What is expected.
Copied exactly and without pictures, the lines from the beginning of the entries through the one that holds "Un centenar de" should form the entire reply.

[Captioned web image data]
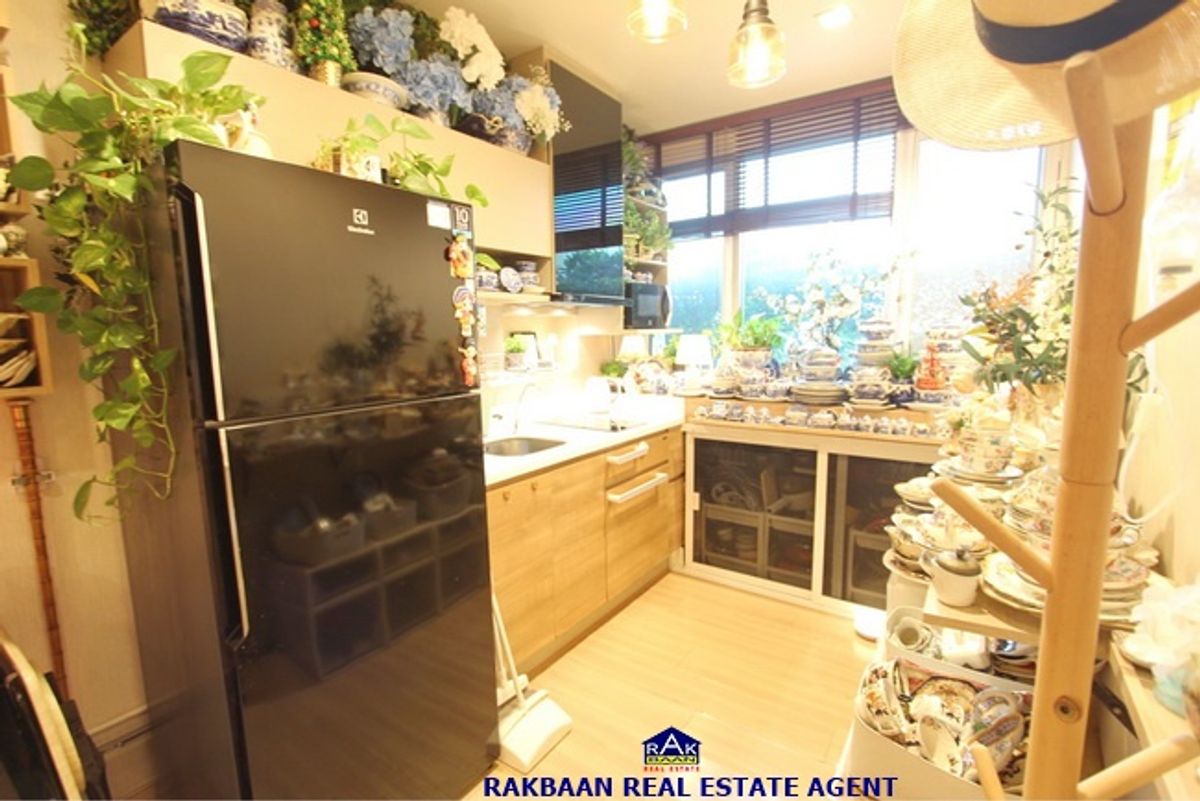 For SaleCondoSapankwai,Jatujak : Condo for sale, Rythum, Phahon-Ari Rhythm, PHAL-ARI, Floor 12A 35.68 sq.m., 1 bedroom, 1 bathroom, full room in front of a beautiful garden.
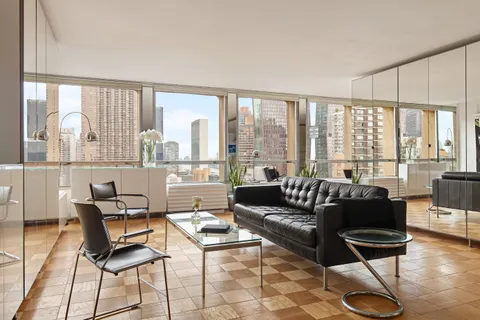 $1,550,000 | 330 East 33rd Street, Unit 21J | Kips Bay
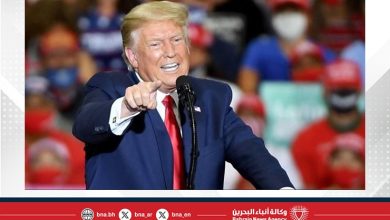 صورة ترامب يطالب باستقالة عضو في الاحتياطي الفدرالي وسط اتهامات بالتزوير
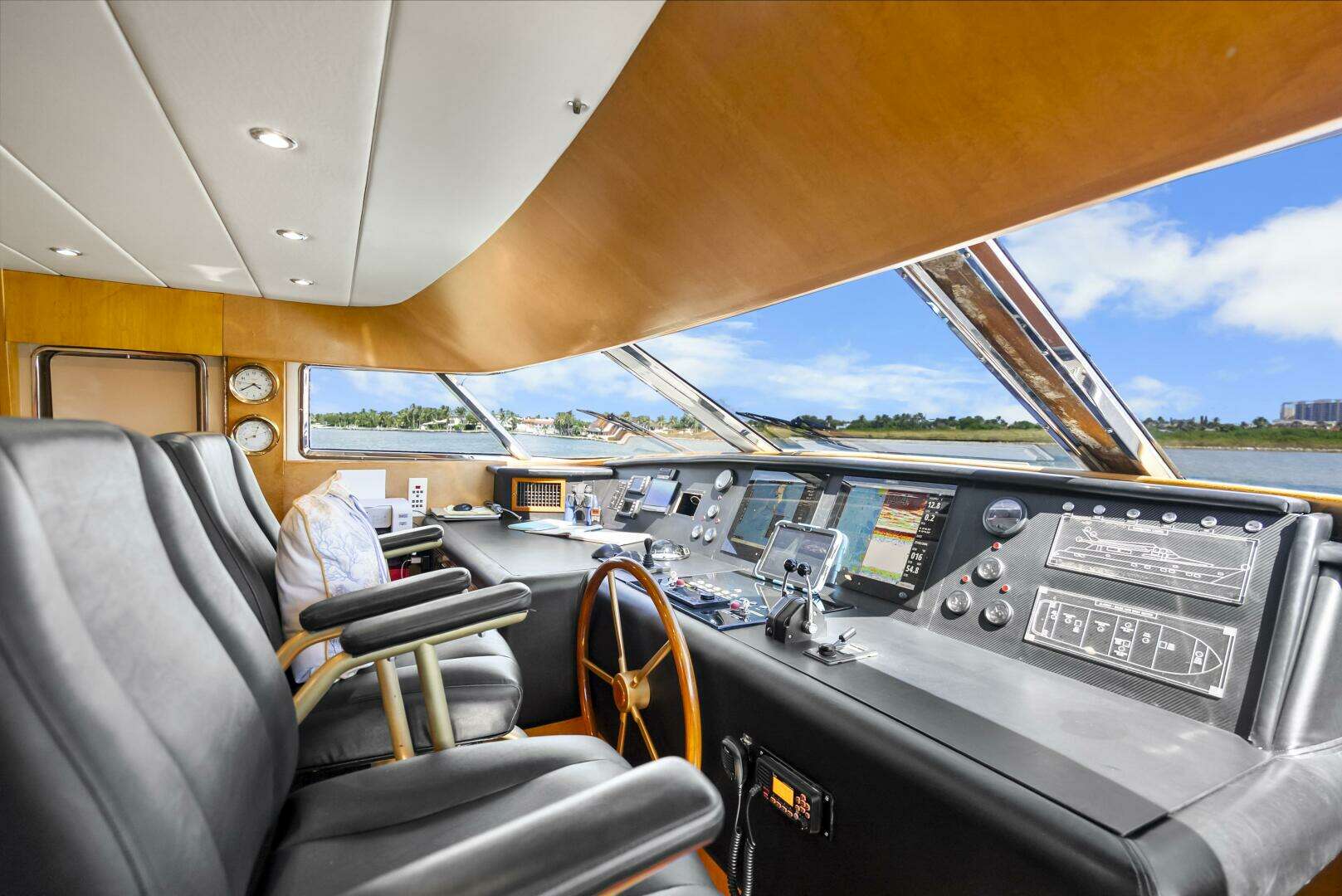 1991 Maiora Raised Pilothouse - Image 10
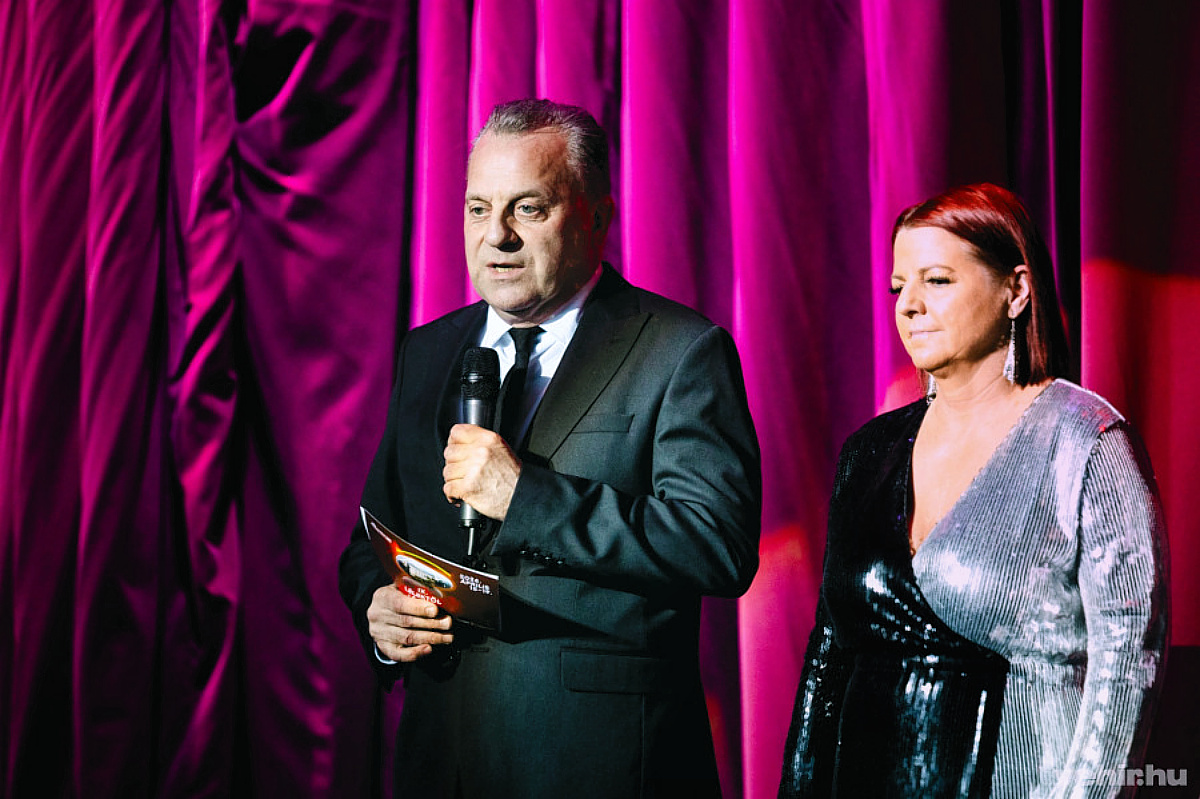 Oberfrank Pál igazgató köszönti a gálaműsor közönségét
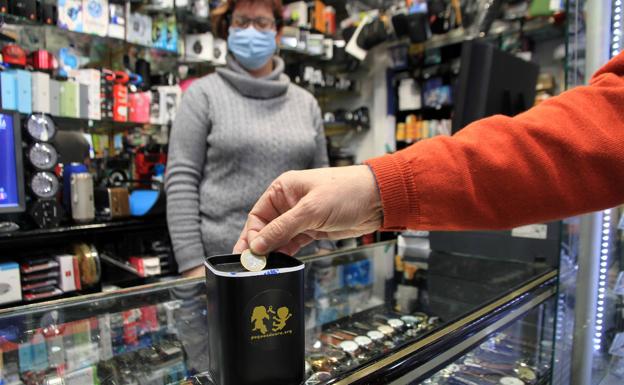 Un centenar de negocios segovianos luchan esta semana contra el cáncer infantil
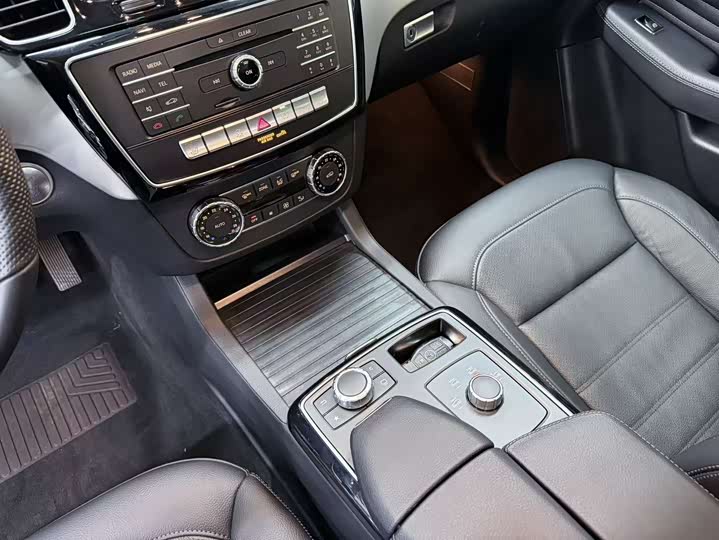 Mercedes-Benz GLE 2018 GLE 320 4 MATIC SUV — фото 17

Expected answer.
 For SaleCondoSapankwai,Jatujak : Condo for sale, Rythum, Phahon-Ari Rhythm, PHAL-ARI, Floor 12A 35.68 sq.m., 1 bedroom, 1 bathroom, full room in front of a beautiful garden.
 $1,550,000 | 330 East 33rd Street, Unit 21J | Kips Bay
 صورة ترامب يطالب باستقالة عضو في الاحتياطي الفدرالي وسط اتهامات بالتزوير
 1991 Maiora Raised Pilothouse - Image 10
 Oberfrank Pál igazgató köszönti a gálaműsor közönségét
 Un centenar de negocios segovianos luchan esta semana contra el cáncer infantil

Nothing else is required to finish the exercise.